Advantages of the 3D mDIXON Quant technique lie majorly in that: 1) a threshold fitting method can be used for full pancreatic-volume fat quantification; 2) the scan duration can be significantly reduced (about 15 seconds) with introduction of the CS-SENSE technique. This study is to explore performance of different methods for pancreatic fat quantification on the 3D mDIXON Quant images. For the conventional ROI-based method, the fat content of whole pancreas is represented by fat contents from several specific areas, and it can be limited to the representative regions of drawing in clinical practice, especially for those patients with inhomogeneous distribution of pancreatic fat 4. Therefore, it is more feasible to use the automatic threshold fitting method for entire pancreas measurements.

Conclusion

Both the freehand ROI placement and the threshold-based segmentation can be reliable for determination of pancreas fat contents on the 3D mDIXON Quant images. The threshold-based segmentation is recommended, since it can give a full pancreas evaluation and is more convenient in implementation.

Acknowledgements

No acknowledgement found.

References

1. Ozturk K, Dogan T, Celikkanat S, et al. The association of fatty pancreas with subclinical atherosclerosis in nonalcoholic fatty liver disease. Eur J Gastroenterol Hepatol. 2018;30:411-417.

2. Singh RG, Yoon HD, Wu LM, et al. Ectopic fat accumulation in the pancreas and its clinical relevance: A systematic review, meta-analysis, and meta-regression. Metabolism. 2017;69:1-13.

3. Weng S, Zhou J, Chen X, et al. Prevalence and factors associated with nonalcoholic fatty pancreas disease and its severity in China. Medicine (Baltimore). 2018;97:e11293.
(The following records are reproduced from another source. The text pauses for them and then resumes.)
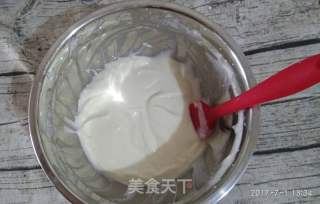 凍酸奶藍(lán)莓慕斯的做法步驟：5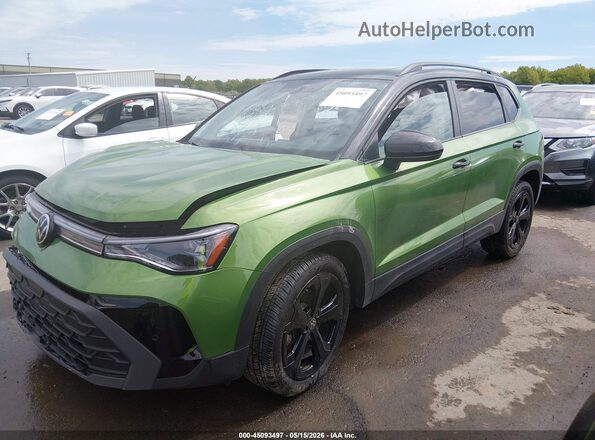 3VV2C7B23SM062453 2025 VOLKSWAGEN TAOS Green Առջևի ձախ երեք քառորդ տեսարան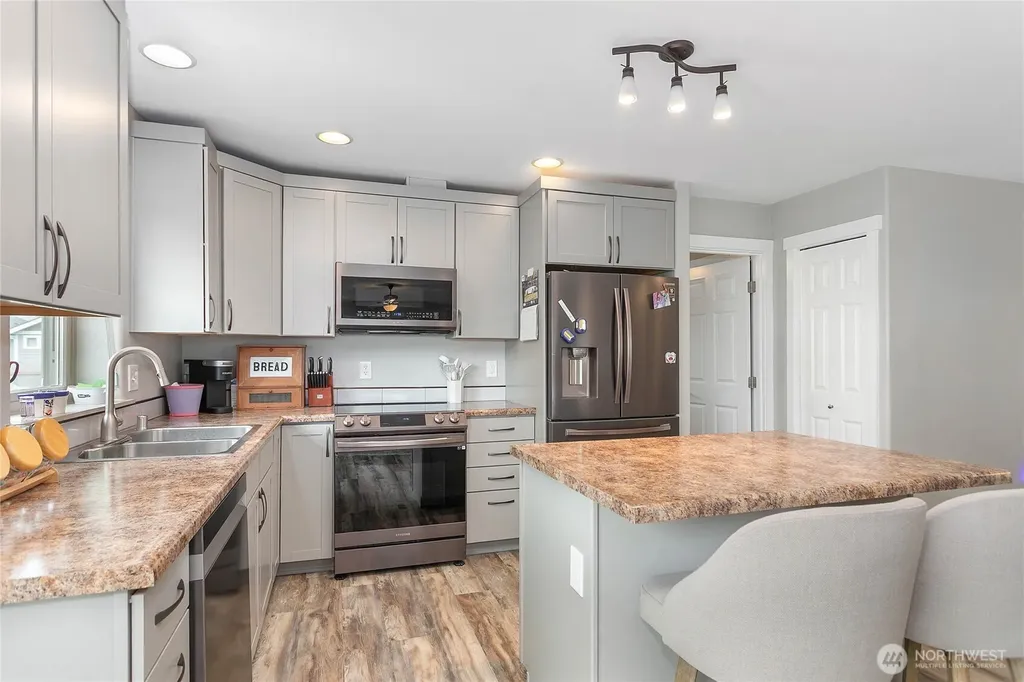 232 Front Street Sumas WA 98295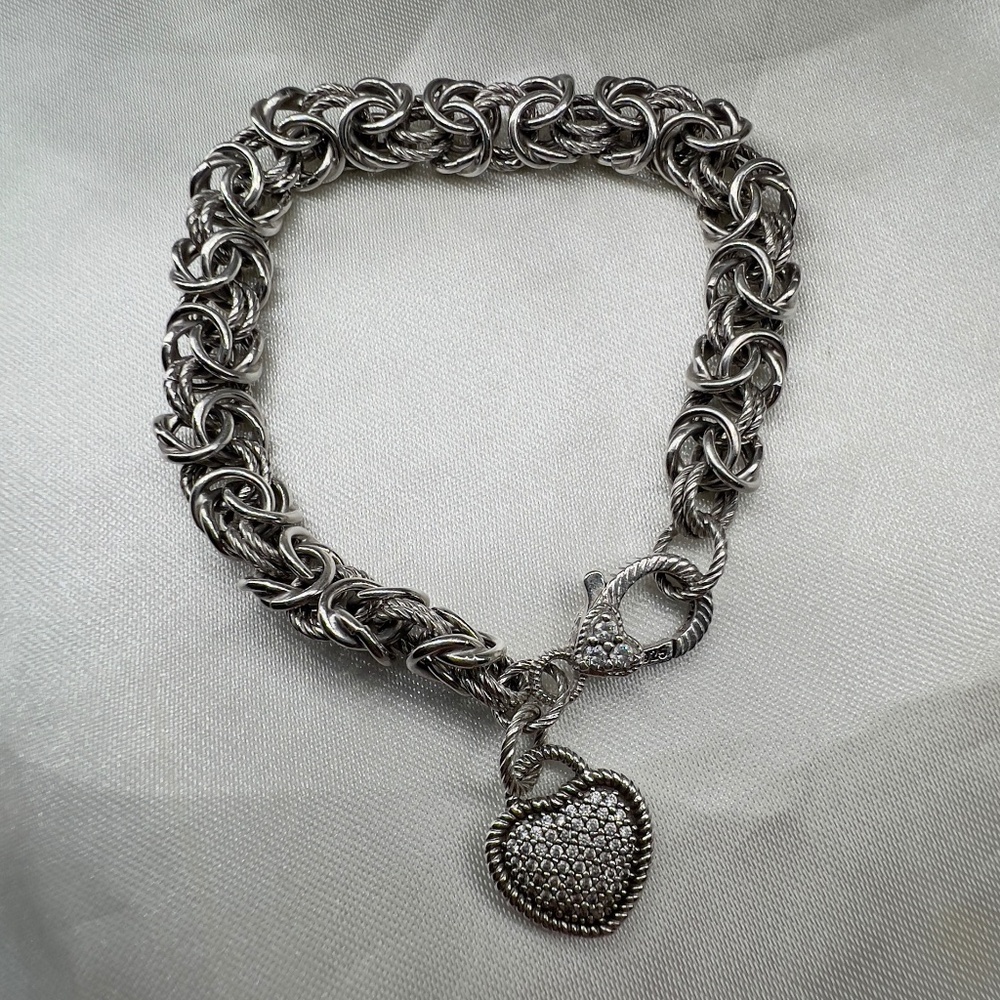 JUDITH RIPKA Sterling Silver Verona Textured Byzantine Heart Charm Bracelet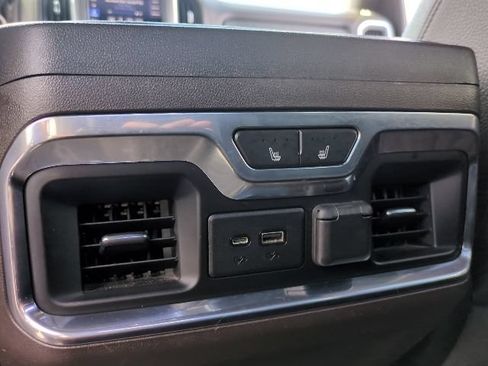 Certified 2020 GMC Sierra 2500 Denali w/ Denali Ultimate Package AWD/4WD image 11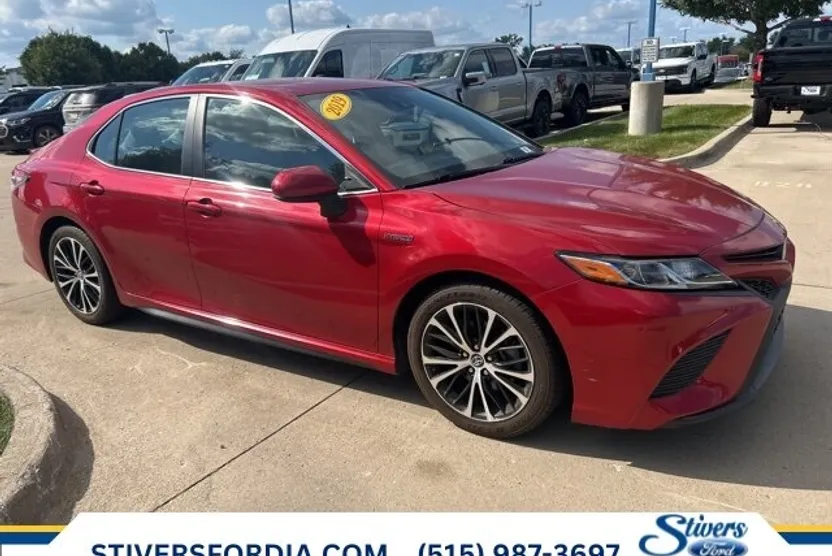 2019 Toyota Camry Hybrid SE photo 1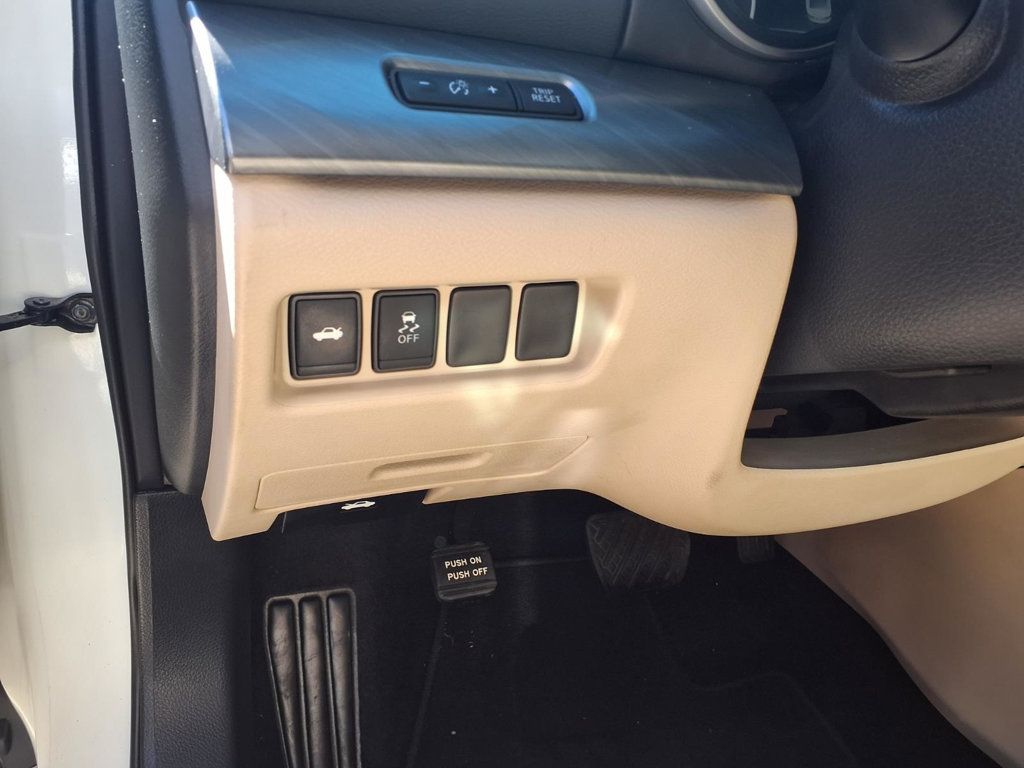 Nissan Maxima photo 8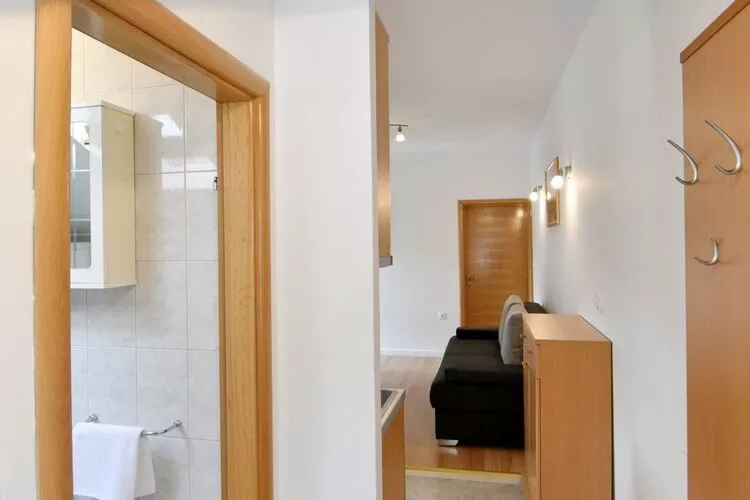 Green Hills Apartment - One Bedroom Apartment with Balcony and Sea View-Indoor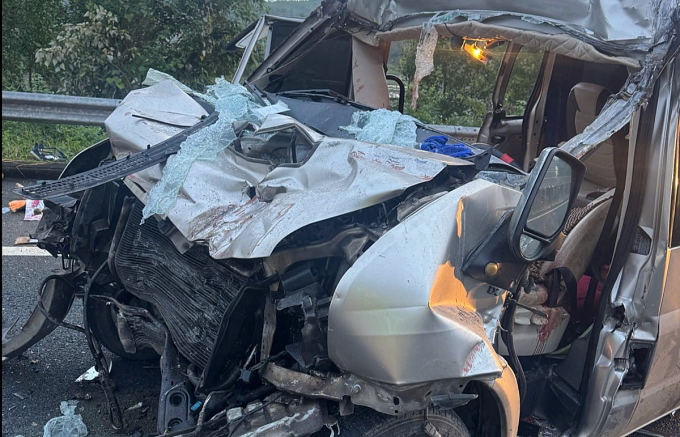 Phần đầu xe khách biến dạng hoàn toàn. Ảnh: Cục Cảnh sát giao thông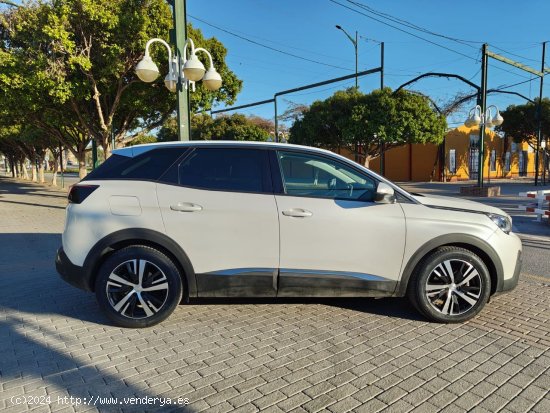 Peugeot 3008 1.5L BlueHDi 96kW 130CV SS Allure Nacional Certificado en km y carrocería - Málaga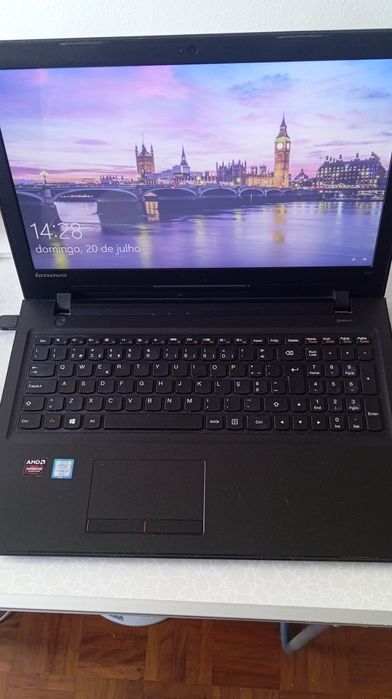 Portátil Lenovo Ideapad 300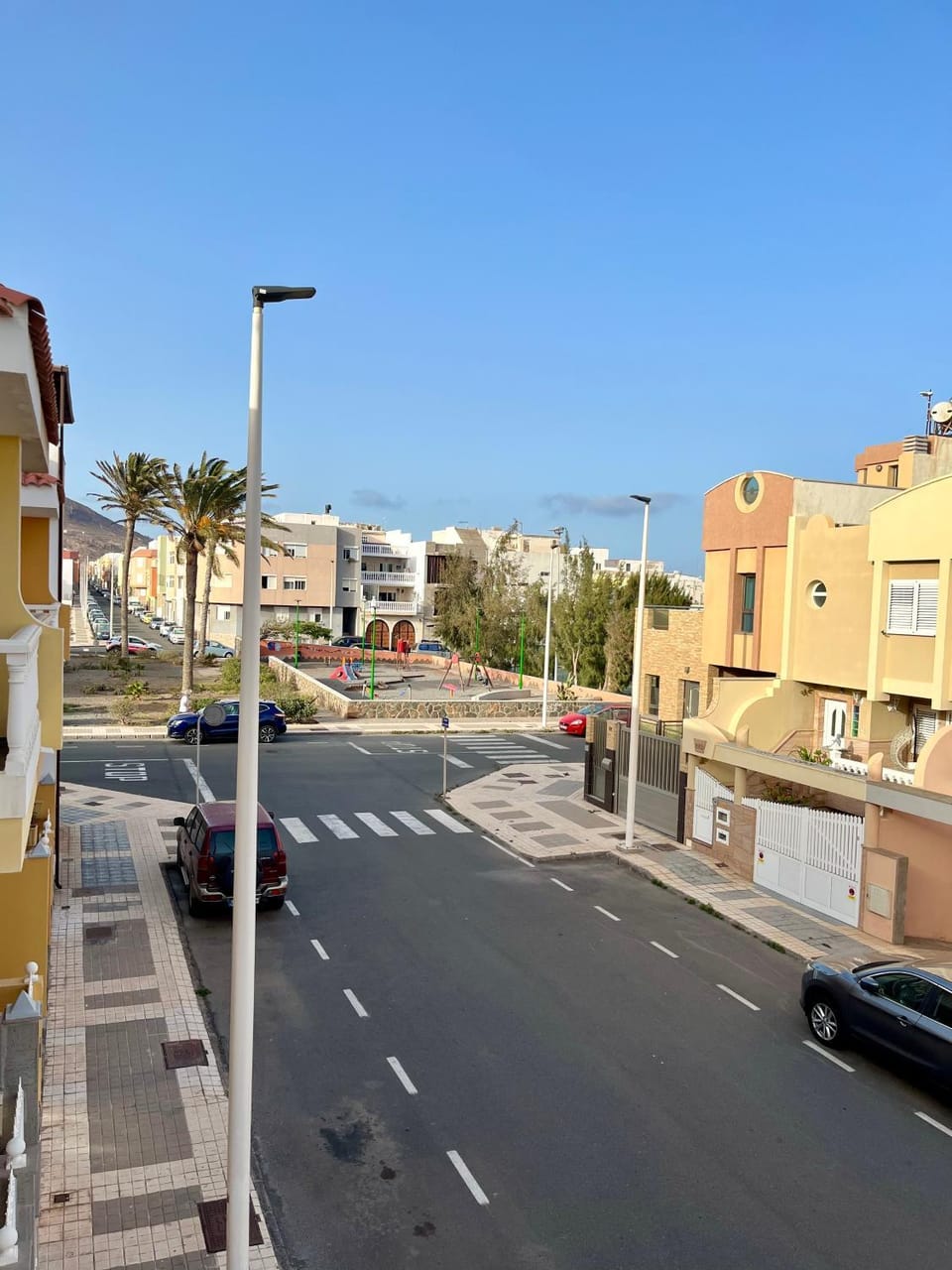 Day, Neighbourhood, Street view, Location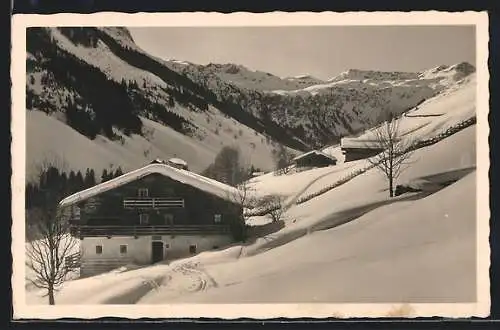 AK Saalbach, Gasthaus Mitterlengau im Winter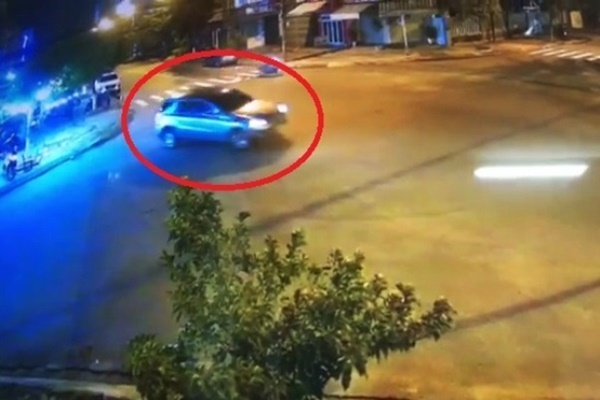 mercedes chay vong quanh o da nang phat tai xe 17 trieu dong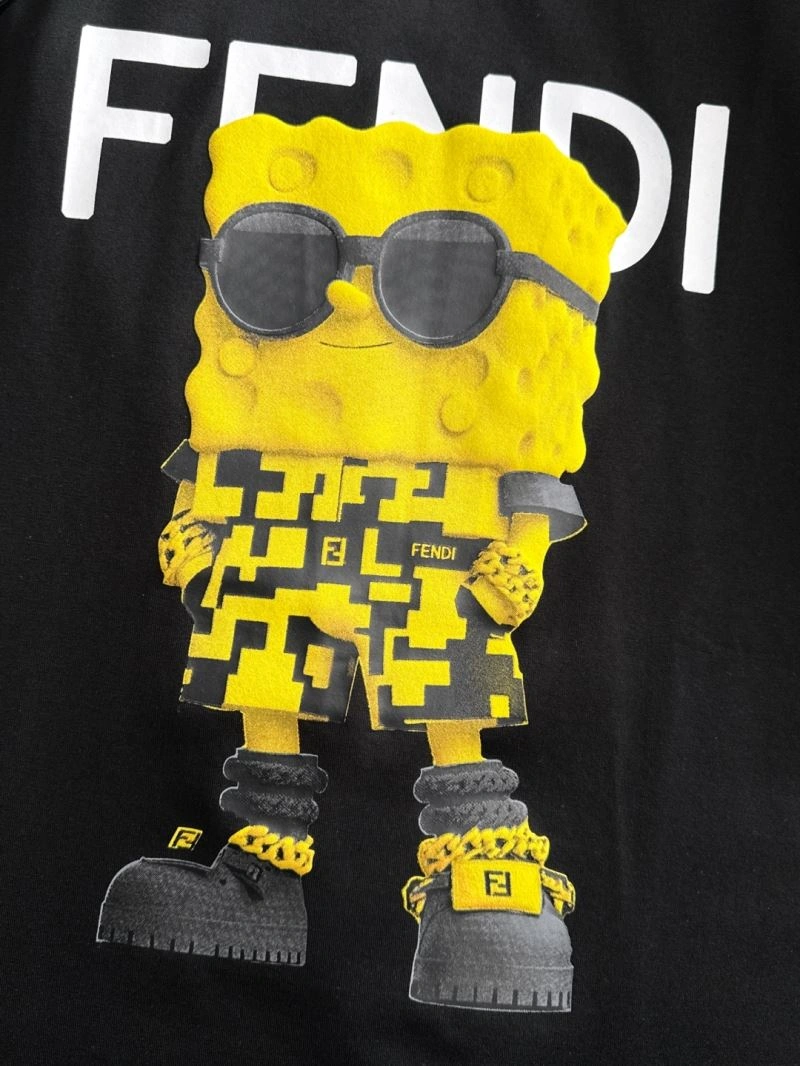 Fendi T-Shirts TravelReady 122396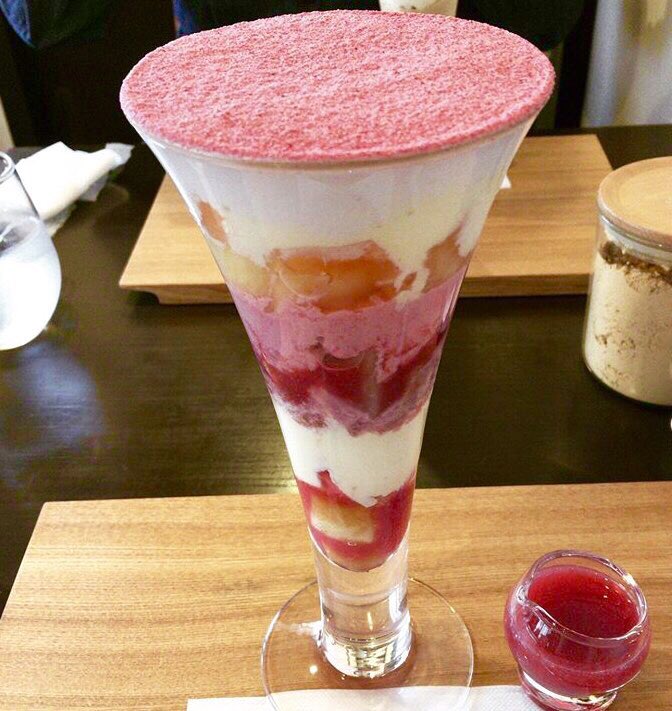 極上のスイーツ 京都や六本木にあるお店 吉祥菓寮 の 春摘み苺パフェ 極上のスイーツ 京都や六本木にあるお店 吉祥菓寮 の 春摘み苺パフェ
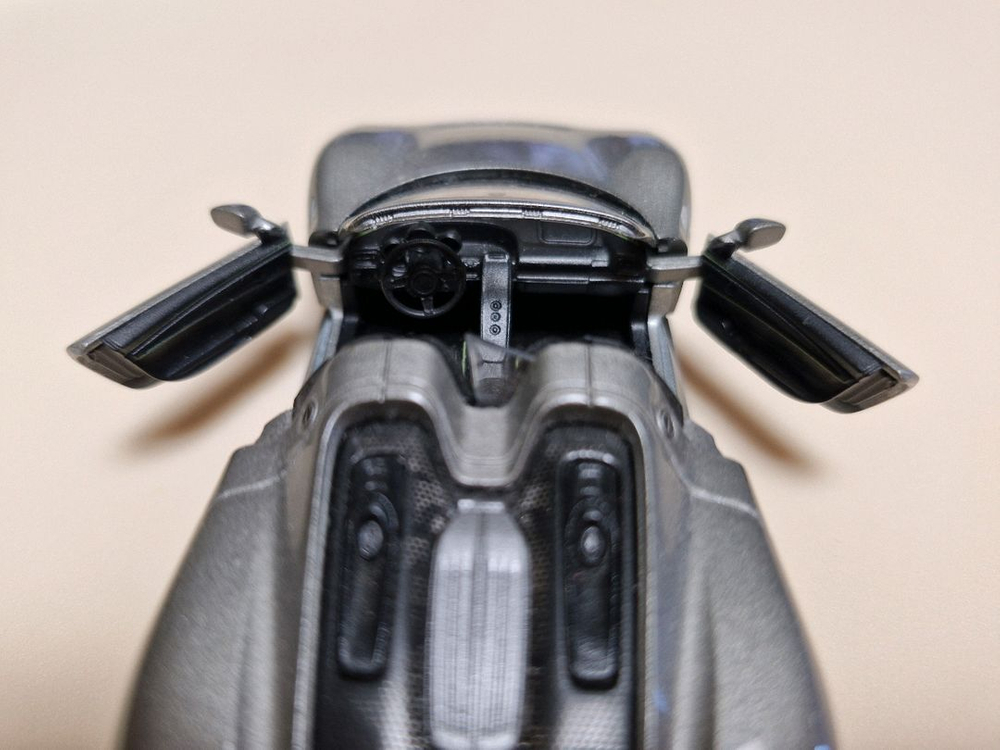 웰리 포르쉐 918 스파이더 다이캐스트 미니카 도어개폐 건메탈 박스없음 이미지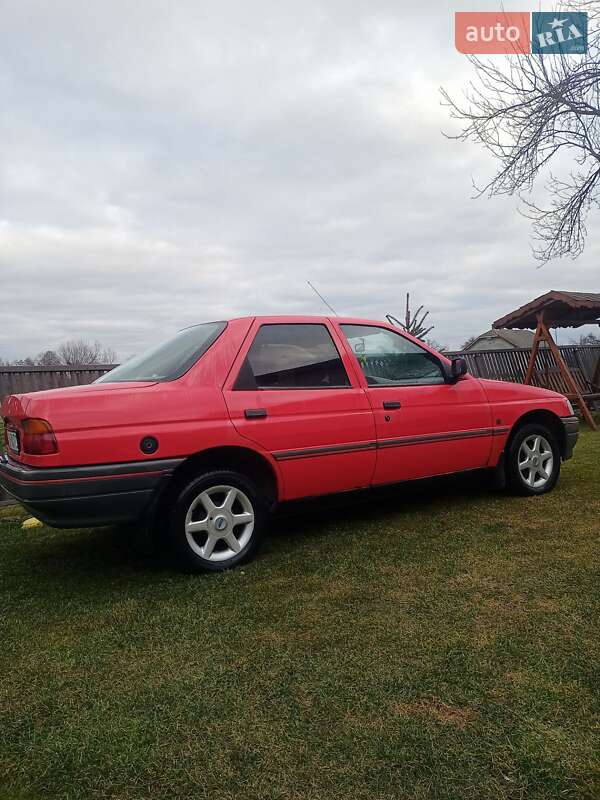 Седан Ford Orion 1993 в Самборе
4. Kawamoto S, Siegelman SS, Bluemke DA, et al. Focal fatty infiltration in the head of the pancreas: evaluation with multidetector computed tomography with multiplanar reformation imaging. J Comput Assist Tomogr. 2009;33:90-95.

Figures

Table1.The pancreas fat fractions measured by the two observers and the corresponding time costs. Data with a ICC value greater than 0.80 were recognized to be with good agreement.

Table2. Comparison of fat contents measured by the two methods. Mean values of measurements by the two observers were used. Data with a ICC value greater than 0.80 were recognized to be with good agreement.

Figure 1. The fat fraction image obtained by the 3D mDIXON Quant sequence with data post-processing on the ISP workstation for a heathy volunteer. Three regions of interest (ROI) with an area of approximately 25-64 mm2 were placed on the uncinate process (A), head-neck(B), body(C) and tail(D) regions of pancreas respectively on the fat fraction (FF) image. All ROIs were placed within the target regions by avoiding blood vessels, pancreatic duct and abdominal adipose tissue as much as possible.

Figure 2. 3D mDIXON Quant water phase image (A) and 3D mDIXON Quant fat fraction map (B). Threshold-based segmentation was implemented on the water phase image, and then copied to the fat phase image to automatically calculate the pancreas fat fraction map.